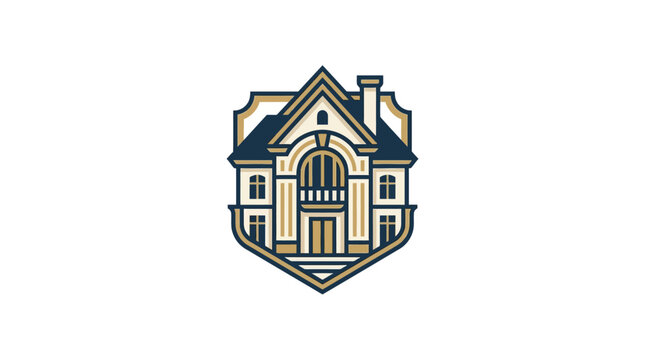 Large house with a steep roof.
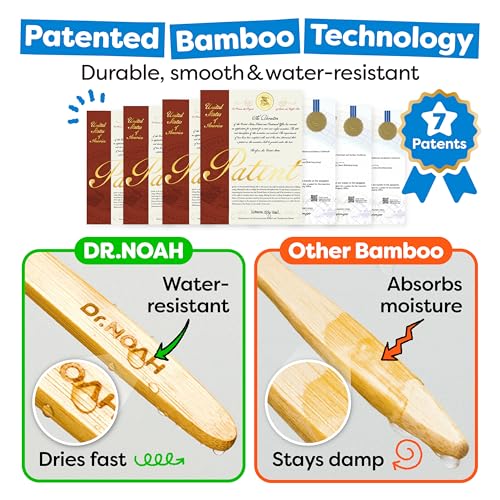 Dr. Noah Microplastic-Free Bamboo Baby Toothbrush, Dentist Designed, 4 Pack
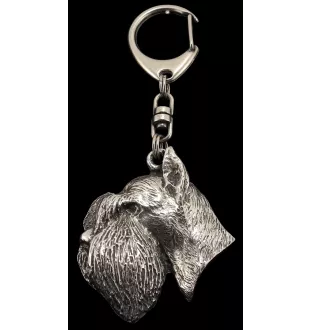 Schnauzer - Versilberter Schlüsselanhänger mit Hund, Handtaschen-Dekoration, Rucksack-Anhänger der Marke Art-Dog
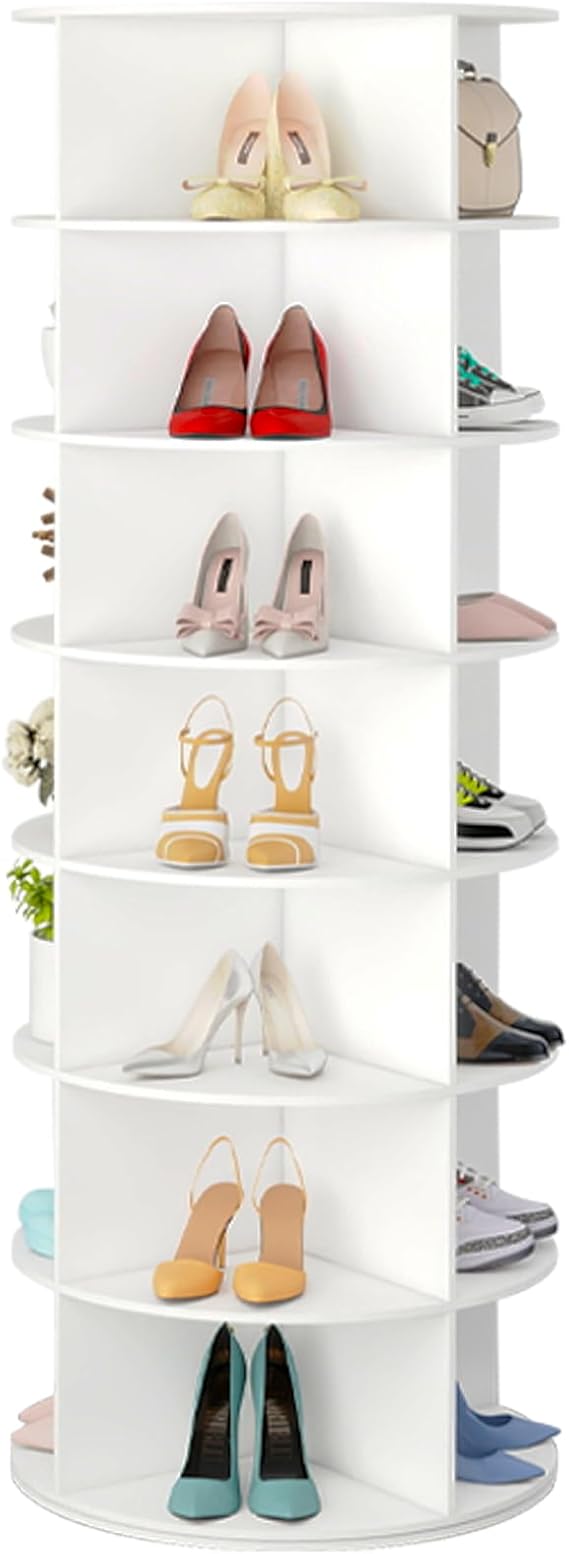 7 Tier Rotating Shoe Rack Tower, Easily Assembled Lazy Susan Shoe Organizer, 360° Spinning Shoe Rack Circular Storage, Multi-Purpose Rotating Storage Tower, White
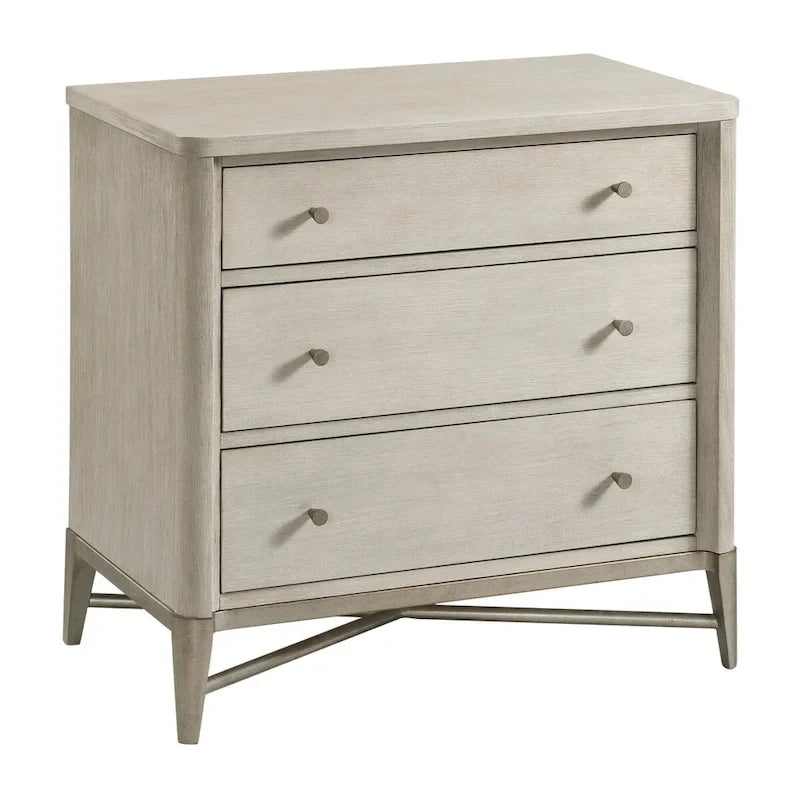 Ensemble de chambre 3 pièces en bois massif avec cadre en métal, lit avec 2 tables de chevet, couleur champagne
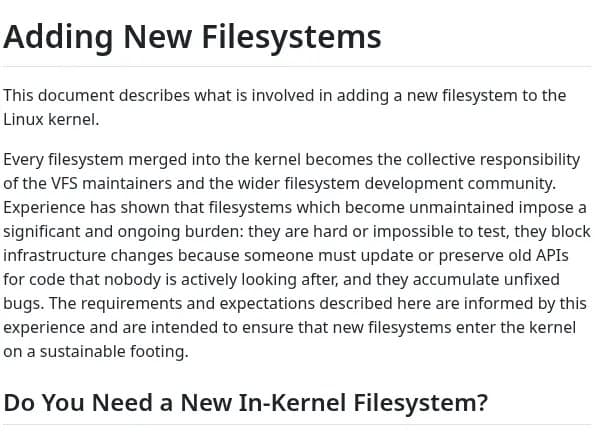 Linux tightens rules for new file systems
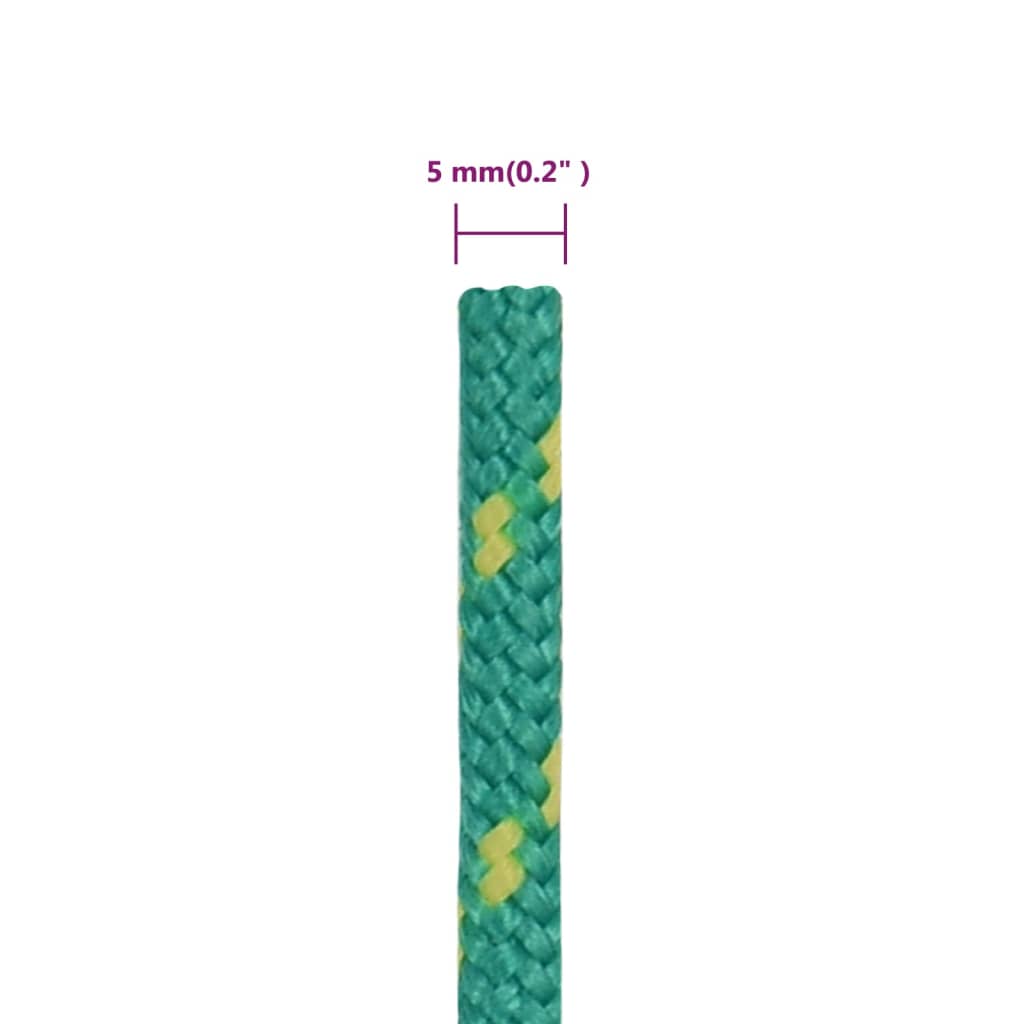 Båttau grønn 5 mm 250 m polypropylen vidaXL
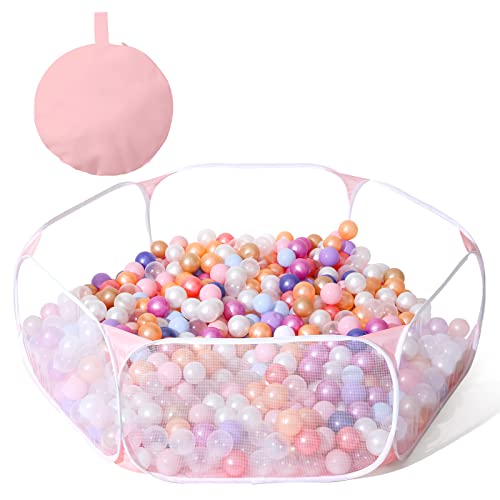 Kids Ball Pit Large Pop Up Children Ball Play Tent for Toddlers Girls Boys for Indoor Outdoor Baby Playpen with Carry Tote, Balls Not Included (Pink)…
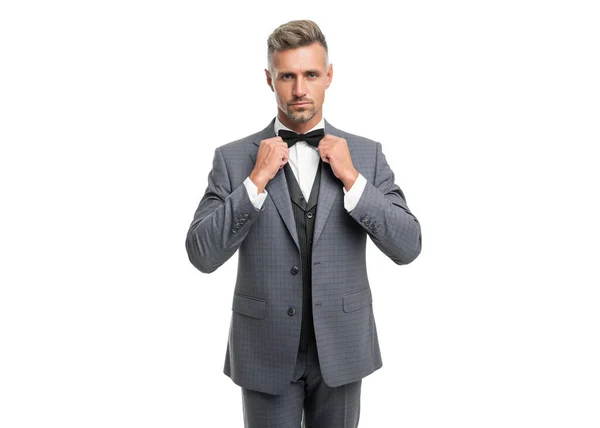 Grizzled Man Blue Suit Bow Tie Businessman Isolated White Boss — Stock Photo, Image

• TO DO: In the copy you return, include exactly the lines from the one containing "Linux tightens rules for new file systems" through the final line of the listing, and no pictures.

• EXERCISE OUTPUT:
 Linux tightens rules for new file systems
 Båttau grønn 5 mm 250 m polypropylen vidaXL
 Kids Ball Pit Large Pop Up Children Ball Play Tent for Toddlers Girls Boys for Indoor Outdoor Baby Playpen with Carry Tote, Balls Not Included (Pink)…
 Grizzled Man Blue Suit Bow Tie Businessman Isolated White Boss — Stock Photo, Image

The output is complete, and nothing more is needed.